Además, el principio de limitación que rige  en  casación  le  impide a la Sala corregir las deficiencias anotadas, en tanto  no  le  corresponde  asumir la carga argumentativa exclusiva del recurrente para  complementar,  adicionar  o  enmendar  el libelo, porque la casación no es otra  instancia  ordinaria;  su  finalidad  es promover un juicio técnico y jurídico  contra  la  sentencia  que  pone  fin  a  un  proceso,  en  orden a demostrar su  ilegalidad.   

No  obstante  que  de acuerdo con lo anotado  puede  considerarse  que  los  reproches  presentados  por  el impugnante se han  respondido  negativamente,  considera  la Sala oportuno recabar en la esencia de  los  presupuestos  necesarios para demostrar una causal acorde con la naturaleza  constitucional  y  legal  del recurso, sin que ello constituya la imposición de  un  método  determinado, sino la indicación de las exigencias que debe colmar,  en  cada  caso, la formulación de los cargos y específicamente de aquellos que  trató de esbozar el apoderado especial del procesado.   

Primer   cargo.  «CAUSAL  PRIMERA DE CASACIÓN. VIOLACIÓN DIRECTA DE  LA LEY SUSTANCIAL.»   

Considera que los cánones de los artículos  29  y  30  de  la  Ley  600  de  2000,  referidos a la autoría y participación  criminal  fueron  transgredidos,  toda  vez que el enjuiciado, no obstante haber  perseguido  y  obtenido  el  reconocimiento  de  acreencias laborales, confirió  poder  para  que  abogados  laboralistas  reclamaran  ante la justicia ordinaria  nuevamente  emolumentos convencionales, es decir, el procesado no fue extraño a  los  hechos, no determinó desde afuera el curso de los acontecimientos, pues al  haber  otorgado  poder  para  esas  demandas,  se  involucró  al  interior  del  comportamiento  investigado,  ejerciendo  un  dominio  directo sobre los hechos,  cumpliendo     un     especifico     rol,     por     lo     que    –concluye-,        «su  papel  fue  realmente  el  de un coautor impropio y no el de un  determinador,  según  las caracterizaciones dogmáticas y jurisprudenciales que  ostentan tales figuras.»     

Resulta  evidente  que  la  formulación del  primer  cargo  que  trata  de  proyectar  el  apoderado especial de Sergio   Suárez  Molina,  no  resiste  el  mínimo  análisis,  porque su propuesta de casación invoca específicamente la  violación  directa  de la ley sustancial, pero olvida que en la postulación de  este  reparo debió aceptar en su integridad los presupuestos fácticos vertidos  por  el  sentenciador,  así como las pruebas y su valoración.

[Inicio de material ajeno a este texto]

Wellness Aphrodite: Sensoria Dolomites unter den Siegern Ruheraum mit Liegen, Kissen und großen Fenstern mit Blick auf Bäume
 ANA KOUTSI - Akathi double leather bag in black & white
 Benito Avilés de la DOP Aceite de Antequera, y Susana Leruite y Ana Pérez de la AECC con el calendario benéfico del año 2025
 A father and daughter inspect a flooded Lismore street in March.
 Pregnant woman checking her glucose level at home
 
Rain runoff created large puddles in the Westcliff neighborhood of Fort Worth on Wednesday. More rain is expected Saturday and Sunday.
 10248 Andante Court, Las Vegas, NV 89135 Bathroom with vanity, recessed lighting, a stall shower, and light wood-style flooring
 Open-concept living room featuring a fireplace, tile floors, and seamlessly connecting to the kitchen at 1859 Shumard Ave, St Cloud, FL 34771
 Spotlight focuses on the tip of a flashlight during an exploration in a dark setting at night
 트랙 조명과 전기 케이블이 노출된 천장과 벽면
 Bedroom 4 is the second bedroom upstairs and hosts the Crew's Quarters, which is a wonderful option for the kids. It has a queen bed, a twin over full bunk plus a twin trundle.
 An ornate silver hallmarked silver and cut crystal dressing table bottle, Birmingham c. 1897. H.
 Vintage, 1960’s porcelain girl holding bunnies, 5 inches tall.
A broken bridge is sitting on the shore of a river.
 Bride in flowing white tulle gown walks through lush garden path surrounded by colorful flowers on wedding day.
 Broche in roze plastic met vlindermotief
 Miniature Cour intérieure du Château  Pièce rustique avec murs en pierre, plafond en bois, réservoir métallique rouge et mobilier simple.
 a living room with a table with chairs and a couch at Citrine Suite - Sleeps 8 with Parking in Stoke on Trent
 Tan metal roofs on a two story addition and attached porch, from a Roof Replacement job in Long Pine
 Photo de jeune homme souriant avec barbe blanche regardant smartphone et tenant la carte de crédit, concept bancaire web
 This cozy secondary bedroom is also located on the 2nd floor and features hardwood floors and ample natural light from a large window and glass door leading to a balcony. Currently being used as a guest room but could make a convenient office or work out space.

Sin embargo, aun  cuando  afirmó  que  no  cuestionaría los aspectos fácticos y probatorios, no  logró  cumplir  ese  cometido,  por  lo  que  el cargo, deviene no idóneo para  concitar  el  examen  de  fondo  de  la Corte, como quiera que se apartó de los  hechos  declarados  en la sentencia, para, a su manera, narrar lo que constituye  la  situación  que  debió ser analizada. Olvidó que el objeto de la casación  es   el  de  realizar  un  juicio  de  legalidad  de  la  sentencia  de  segundo  grado.   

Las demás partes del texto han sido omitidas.